_Instructions to follow_
Wherever a line below holds the word "Gold", copy that line.

[Collected data entries]
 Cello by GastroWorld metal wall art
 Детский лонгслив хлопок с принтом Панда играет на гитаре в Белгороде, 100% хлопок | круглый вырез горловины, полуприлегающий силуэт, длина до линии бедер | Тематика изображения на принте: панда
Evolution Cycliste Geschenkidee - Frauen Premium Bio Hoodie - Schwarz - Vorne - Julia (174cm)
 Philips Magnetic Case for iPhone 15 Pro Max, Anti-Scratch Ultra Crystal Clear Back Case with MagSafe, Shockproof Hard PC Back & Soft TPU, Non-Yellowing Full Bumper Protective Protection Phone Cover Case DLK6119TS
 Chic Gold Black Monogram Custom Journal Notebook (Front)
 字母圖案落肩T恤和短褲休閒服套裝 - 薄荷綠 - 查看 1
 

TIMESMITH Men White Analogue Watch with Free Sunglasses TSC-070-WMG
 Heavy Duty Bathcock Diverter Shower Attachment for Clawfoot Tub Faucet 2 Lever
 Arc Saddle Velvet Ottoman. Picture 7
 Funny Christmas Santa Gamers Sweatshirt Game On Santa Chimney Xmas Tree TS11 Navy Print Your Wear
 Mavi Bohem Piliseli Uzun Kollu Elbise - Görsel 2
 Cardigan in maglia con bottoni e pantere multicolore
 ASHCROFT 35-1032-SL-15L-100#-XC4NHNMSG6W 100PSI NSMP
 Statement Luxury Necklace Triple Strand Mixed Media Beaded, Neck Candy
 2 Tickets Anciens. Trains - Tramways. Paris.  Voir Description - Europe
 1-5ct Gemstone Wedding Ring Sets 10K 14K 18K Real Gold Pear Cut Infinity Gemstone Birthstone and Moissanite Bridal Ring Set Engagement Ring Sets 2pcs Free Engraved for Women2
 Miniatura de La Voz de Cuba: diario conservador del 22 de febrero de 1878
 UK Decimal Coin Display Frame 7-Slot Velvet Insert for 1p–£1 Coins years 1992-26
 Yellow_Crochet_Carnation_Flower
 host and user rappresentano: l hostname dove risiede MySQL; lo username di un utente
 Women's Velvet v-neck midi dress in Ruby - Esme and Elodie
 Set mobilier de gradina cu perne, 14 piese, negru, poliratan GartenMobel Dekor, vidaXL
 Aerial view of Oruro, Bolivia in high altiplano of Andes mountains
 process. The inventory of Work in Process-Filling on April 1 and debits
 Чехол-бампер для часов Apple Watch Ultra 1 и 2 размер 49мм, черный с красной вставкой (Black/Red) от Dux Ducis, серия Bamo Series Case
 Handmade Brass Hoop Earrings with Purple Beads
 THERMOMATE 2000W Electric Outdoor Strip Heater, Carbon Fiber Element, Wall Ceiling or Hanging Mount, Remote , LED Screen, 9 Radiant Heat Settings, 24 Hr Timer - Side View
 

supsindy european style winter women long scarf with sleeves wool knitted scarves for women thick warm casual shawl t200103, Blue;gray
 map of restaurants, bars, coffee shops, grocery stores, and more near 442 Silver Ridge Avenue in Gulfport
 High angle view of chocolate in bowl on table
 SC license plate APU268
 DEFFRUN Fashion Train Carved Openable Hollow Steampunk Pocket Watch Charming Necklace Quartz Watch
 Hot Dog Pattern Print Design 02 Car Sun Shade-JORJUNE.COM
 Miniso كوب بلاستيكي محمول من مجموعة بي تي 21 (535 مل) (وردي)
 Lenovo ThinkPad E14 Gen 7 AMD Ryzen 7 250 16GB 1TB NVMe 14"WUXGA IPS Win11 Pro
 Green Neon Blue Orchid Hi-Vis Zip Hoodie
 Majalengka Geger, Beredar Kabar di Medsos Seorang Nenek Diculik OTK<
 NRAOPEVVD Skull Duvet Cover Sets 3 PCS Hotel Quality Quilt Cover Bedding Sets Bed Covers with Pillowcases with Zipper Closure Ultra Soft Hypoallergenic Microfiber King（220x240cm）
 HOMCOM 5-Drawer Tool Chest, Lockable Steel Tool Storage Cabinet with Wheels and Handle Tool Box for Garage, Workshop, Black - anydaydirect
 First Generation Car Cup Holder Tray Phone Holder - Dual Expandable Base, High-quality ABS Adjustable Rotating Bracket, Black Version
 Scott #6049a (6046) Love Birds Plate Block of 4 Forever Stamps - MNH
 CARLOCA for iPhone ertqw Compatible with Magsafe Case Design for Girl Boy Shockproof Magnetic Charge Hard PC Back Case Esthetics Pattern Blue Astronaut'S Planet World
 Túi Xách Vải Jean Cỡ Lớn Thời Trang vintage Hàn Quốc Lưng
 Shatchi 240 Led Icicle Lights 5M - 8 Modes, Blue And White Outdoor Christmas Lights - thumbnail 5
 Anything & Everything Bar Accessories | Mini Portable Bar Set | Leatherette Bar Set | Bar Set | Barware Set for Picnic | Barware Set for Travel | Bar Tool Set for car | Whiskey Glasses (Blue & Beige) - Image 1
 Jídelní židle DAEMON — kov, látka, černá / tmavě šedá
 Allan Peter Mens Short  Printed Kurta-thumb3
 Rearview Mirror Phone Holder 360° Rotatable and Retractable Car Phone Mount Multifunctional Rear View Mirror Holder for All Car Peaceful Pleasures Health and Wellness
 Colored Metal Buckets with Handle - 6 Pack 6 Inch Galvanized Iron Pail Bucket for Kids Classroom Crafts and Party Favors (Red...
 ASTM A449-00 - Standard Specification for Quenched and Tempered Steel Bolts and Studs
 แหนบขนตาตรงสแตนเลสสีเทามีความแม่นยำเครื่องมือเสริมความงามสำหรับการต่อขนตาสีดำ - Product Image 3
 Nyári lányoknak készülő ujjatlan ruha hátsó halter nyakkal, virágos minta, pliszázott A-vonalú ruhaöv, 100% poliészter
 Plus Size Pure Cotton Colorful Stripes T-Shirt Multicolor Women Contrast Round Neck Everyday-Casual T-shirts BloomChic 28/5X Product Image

_Answer to the problem_
 Chic Gold Black Monogram Custom Journal Notebook (Front)
 1-5ct Gemstone Wedding Ring Sets 10K 14K 18K Real Gold Pear Cut Infinity Gemstone Birthstone and Moissanite Bridal Ring Set Engagement Ring Sets 2pcs Free Engraved for Women2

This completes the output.